What Keeps Indian Enterprises from Growing
Friday, May 2, 2008
In the last one week, I have had the privilege of interacting with over 300 entrepreneurs from the small and medium enterprises segment. 70% of them have been in business for at least a decade; 40% have completed two decades. Yet they are still “small” – in revenues, profits, employees. 15% have global aspirations but do not know how to achieve that goal.
Small and medium enterprises account for 80% of Indian businesses (3 million small and medium enterprises and counting), produce over 8000 products, contribute 35% to industrial output, 40% to direct exports, and employ nearly 30 million people. And yet, they continue to remain small even after 20 or 30 years. Given a choice, they still want some form of protection. The forces of competition, rapid technological change and globalization mean very little to these otherwise successful enterprises.
What are the challenges faced by entrepreneurs in scaling up and making it to the big league?
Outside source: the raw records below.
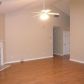 740 Peachtree Trails Drive, Suwanee, GA 30024 ID:13178489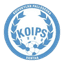 KoiPS - Live Team Koips 339771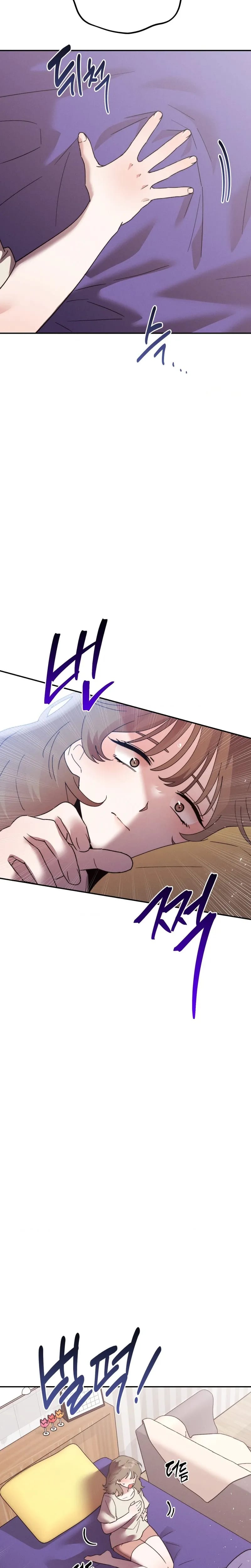 They Lived Happily Ever After Uncensored, chapter 31, page 18 of 31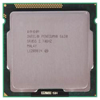 OEM-Pentium-G630-2.70GHz-x100.jpg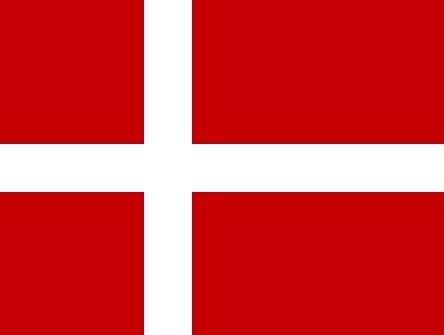 Danmark og menneskerettighederne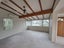 1 Wentworth Avenue, Papatoetoe, Auckland - Carousel 3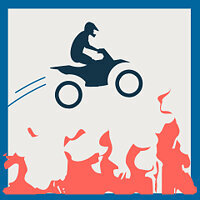 Трофей {trophy} в игре Trials Fusion для PS4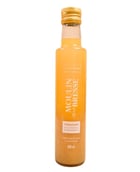 Vinaigre à la pulpe de citron et au gingembre - Moulin de la Bresse (ex Libeluile)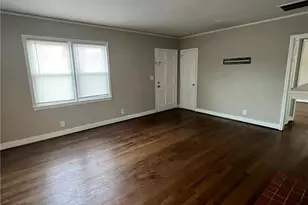 1011 W Wendover Ave, Greensboro, NC 27408 - Photo 6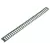 Dlg Tactical 30 Slot Picatinny Ladder Ray Kapağı (Yeşil)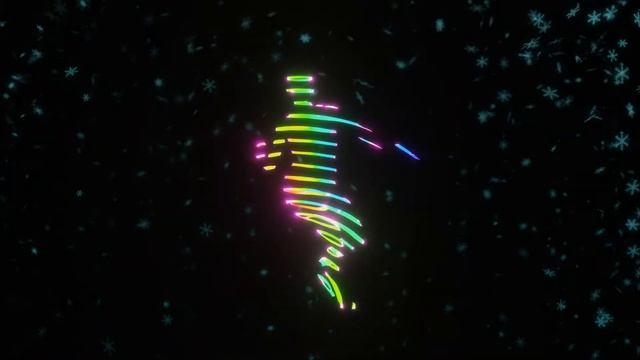 Vosmilik-А.С ПУШКИН -Друзья.Day Sparkles - Geographer смотреть онлайн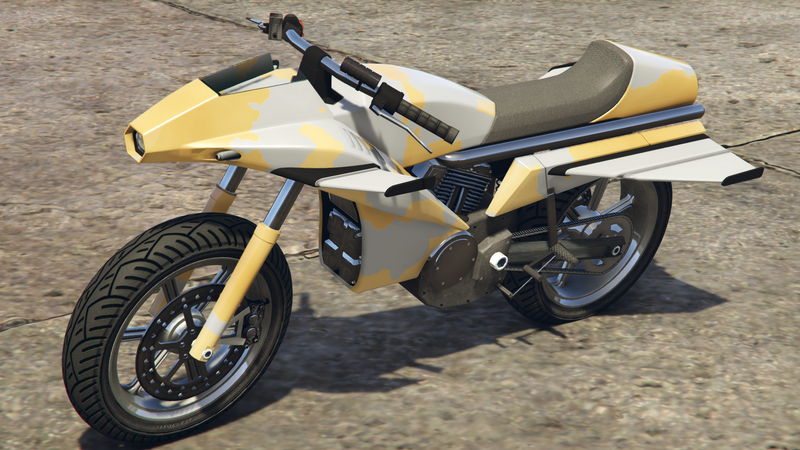 파일:Oppressor-GTAOe-FrontQuarter-DesertFractal.png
How much of this can be attributed to the external environment and how much to the entrepreneur’s mindset itself? Based on the responses I have, here are the major constraints:
Treating the business like a family – almost literally: this might come as a surprise to those in the developed countries, but promoters of small businesses develop an emotional attachment to everything about the business, including the people. The leadership style is patriarchal. A significant majority have not fired anyone in their business. Performance orientation is lacking and a comfort with the status-quo is palpable.
Inability to prioritize: entrepreneurs engaged in small businesses are in a perennial “fire-fighting” mode. Everything appears to be a crisis. Considerable time and effort is expended on trivial matters often at the expense of growth, creativity and innovation. Strategy is conspicuous by its absence. Not surprisingly, the business remains small.